Try it:
Report every line in the listing that contains the string "have".

Source records:
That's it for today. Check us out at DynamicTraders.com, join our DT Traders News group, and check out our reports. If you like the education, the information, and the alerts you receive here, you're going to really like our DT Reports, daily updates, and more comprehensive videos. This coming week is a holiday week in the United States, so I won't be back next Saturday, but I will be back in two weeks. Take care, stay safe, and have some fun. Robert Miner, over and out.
--
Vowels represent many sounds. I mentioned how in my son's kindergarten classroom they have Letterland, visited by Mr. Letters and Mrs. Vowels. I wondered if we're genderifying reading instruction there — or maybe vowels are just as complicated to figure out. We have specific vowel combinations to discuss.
--
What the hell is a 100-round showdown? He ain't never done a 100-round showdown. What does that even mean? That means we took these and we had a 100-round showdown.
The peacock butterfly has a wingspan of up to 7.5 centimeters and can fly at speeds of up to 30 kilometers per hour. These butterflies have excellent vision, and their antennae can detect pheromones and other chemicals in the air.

Answer to the problem:
That's it for today. Check us out at DynamicTraders.com, join our DT Traders News group, and check out our reports. If you like the education, the information, and the alerts you receive here, you're going to really like our DT Reports, daily updates, and more comprehensive videos. This coming week is a holiday week in the United States, so I won't be back next Saturday, but I will be back in two weeks. Take care, stay safe, and have some fun. Robert Miner, over and out.
Vowels represent many sounds. I mentioned how in my son's kindergarten classroom they have Letterland, visited by Mr. Letters and Mrs. Vowels. I wondered if we're genderifying reading instruction there — or maybe vowels are just as complicated to figure out. We have specific vowel combinations to discuss.
The peacock butterfly has a wingspan of up to 7.5 centimeters and can fly at speeds of up to 30 kilometers per hour. These butterflies have excellent vision, and their antennae can detect pheromones and other chemicals in the air.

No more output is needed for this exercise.